- [Problem description]:
Leaving out the pictures, retype exactly the lines from the one holding "Cricket wicket keeper" through the end of the material.

- [Dataset extract]:
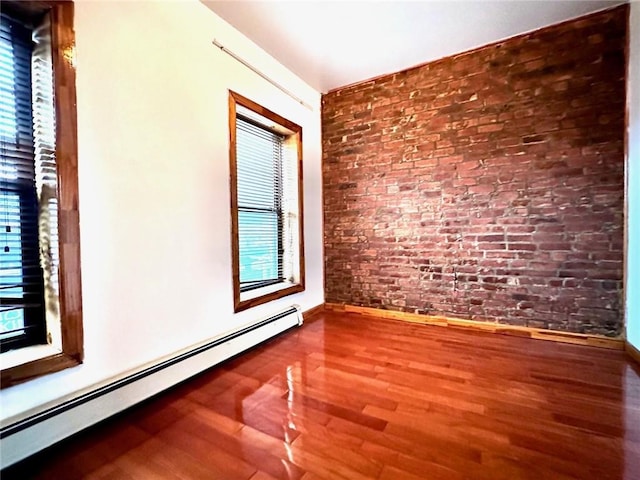 empty room with baseboard heating, wood-type flooring, and brick wall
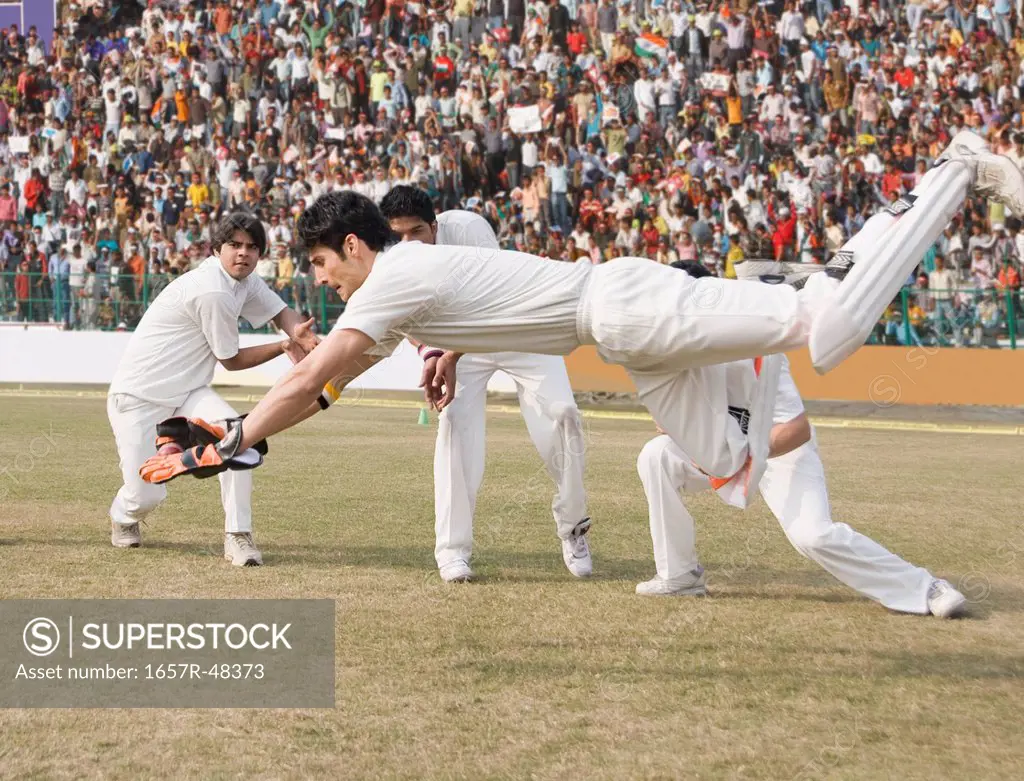 Cricket wicket keeper and fielders attempting for a catch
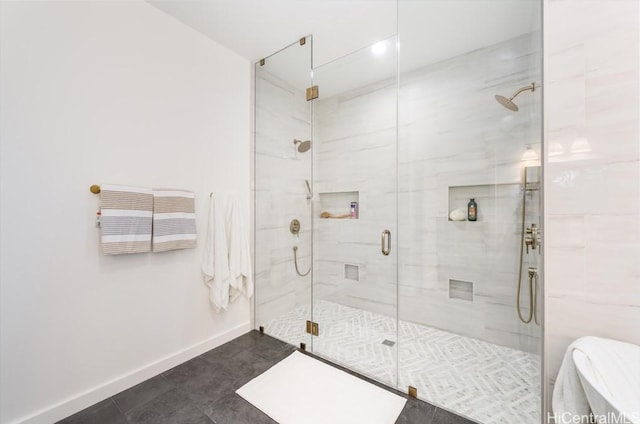 full bath with a shower stall, baseboards, and tile patterned flooring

- [Response to this exercise]:
 Cricket wicket keeper and fielders attempting for a catch
 full bath with a shower stall, baseboards, and tile patterned flooring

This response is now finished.